VfB-Tischtennis-Herren verlieren gegen Tabellenzweiten

VfB-Tischtennis-Herren verlieren gegen Tabellenzweiten
 HL-Sports (Bild) rk (Text) // www.hlsports.de


Lübeck - Am Freitagabend um 20.00 Uhr kam es in der Sporthalle Paul-Gerhard-Schule zum Verbandsligaspiel der Herren vom VfB Lübeck und dem Tabellenzweiten vom Kaltenkirchener TS. Die Lübecker sind zwar mit einem Sieg am letzen Wochenende gegen den Tabellendritten SC Mittelpunkt Nortorf in die Rückrunde gestartet, belegen aber nach einer mäßigen Vorrunde den neunten Tabellenplatz und sind nur drei Punkte vom Abstieg entfernt.

Die Grünweißen um Kapitän Stefan Heinacker hatten sich gegen Kaltenkirchen viel vorgenommen und mussten im ersten Doppel eine knappe Niederlage einstecken.
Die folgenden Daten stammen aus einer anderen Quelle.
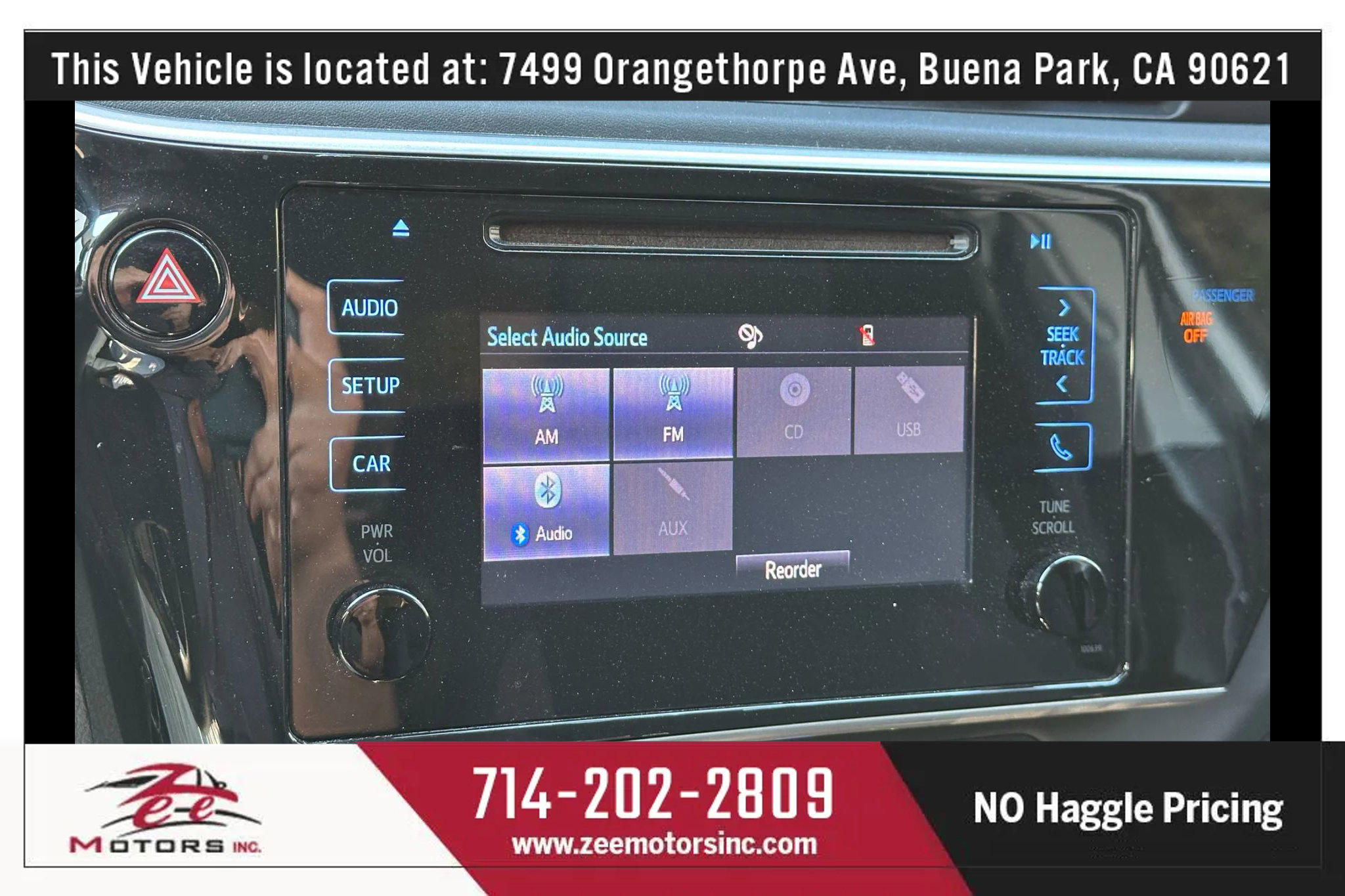 Used 2018 Toyota Corolla LE image 35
Dabei sah es für die Lübecker Manuel Fuchs und Andreas Ringkowski im ersten Satz gegen Tomasz Stuginski und Christof Brüning gut aus. Dieser wurde mit 11:8 gewonnen und schon hier war klar, dass es nicht einfach werden würde. So mussten die beiden an Nummer Eins und Zwei gesetzten VfB-Spieler den zweiten und dritten Satz an die Segeberger mit 7:11 und 9:11 abgeben. Im dritten Satz waren dann Fuchs / Ringkowski wieder dran und glichen mit einem 11:6-Satzsieg zum 2:2 in Sätzen aus. Leider ging der fünfte und entscheidende Satz aber mit 7:11 an Struginski/ Brüning.
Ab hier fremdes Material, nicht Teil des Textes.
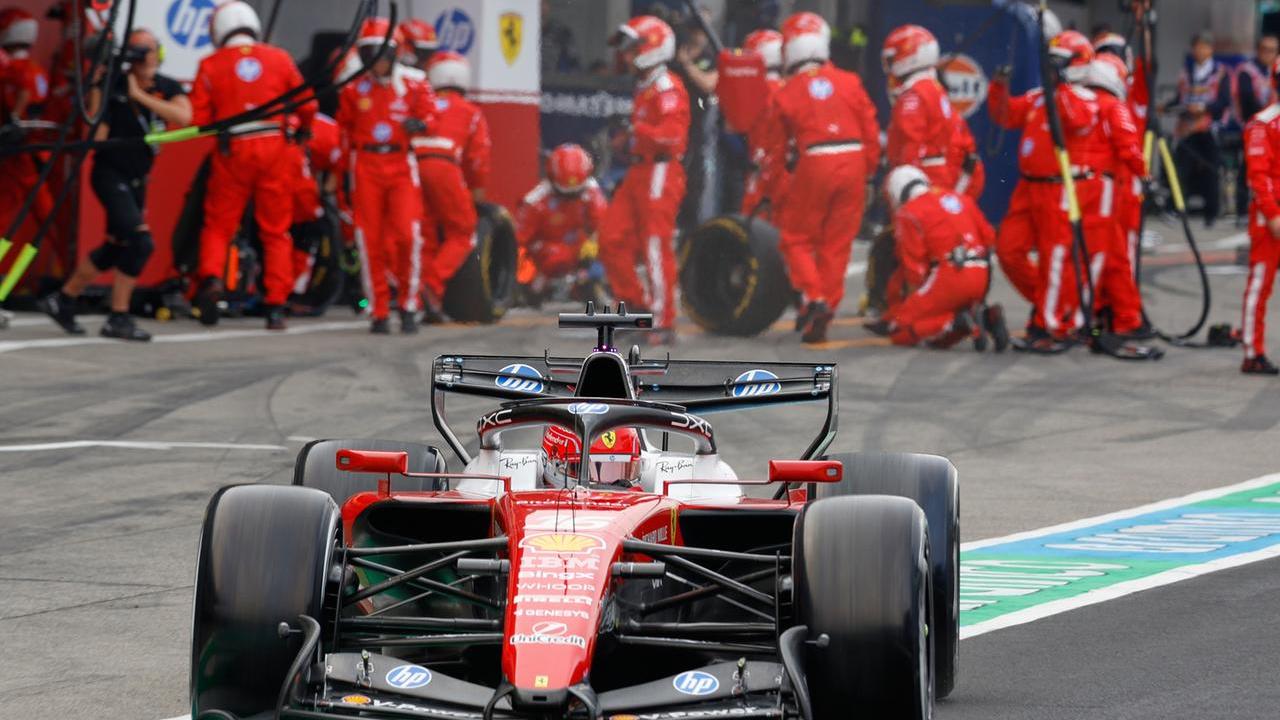 Leclerc rinnova con la Ferrari: «Riporterò la Rossa al vertice»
Im zweiten Doppel sollte ein Sieg her und Bernt Penderak und Stefan Otte, (der den fehlenden Christoph Metzner ersetzte) kamen zum Einsatz. Der Plan ging vorerst nicht auf, denn die Kaltenkirchener Alexander Huck und Thomas Matthies gewannen, wenn auch knapp, erfolgreich die ersten beiden Sätze mit 10:12 und 9:11. Das Spiel war hart umkämpft und die beiden VfBer konnten sich wieder in das Spiel zurückkämpfen. Mit 11:8 ud 13:11 gingen die Sätze drei und vier an die Lübecker. Wieder musste der fünfte Satz die Entscheidung herbeirufen, doch hier klappte dem Doppel Penderak/ Otte nicht mehr viel. 6:11 hieß es am Ende von diesem Spiel und Kaltenkirchen gewann mit 3:2 nach Sätzen.

Mit einem 0:2-Rückstand ging der Abend in das dritte Doppel. Für Moritz Dibbern und Stefan Heinacker hieß es hier auf jeden Fall den Anschluß nicht verpassen und das sollte auch gelingen. Die KTS-Spieler Michael Dinse und Bent Holm hatten keine Chance und verloren 3:1 nach Sätzen. 11:6, 11:9, 11:13 und 11:4 hieß es für die Lübecker.
Der ersehnte Anschluß war geschafft und nach drei gespielten Partien stand es 1:2 für den Tabellenzweiten aus Kaltenkirchen.

Fuchs konnte mit seinem klaren Sieg im Einzel gegen Huck (11:9, 11:5, 11:4) sogar den Ausgleich herbeiführen. Der VfB war auf einmal wieder im Geschäft und hoffte auf einen Sieg, wie in der letzten Woche.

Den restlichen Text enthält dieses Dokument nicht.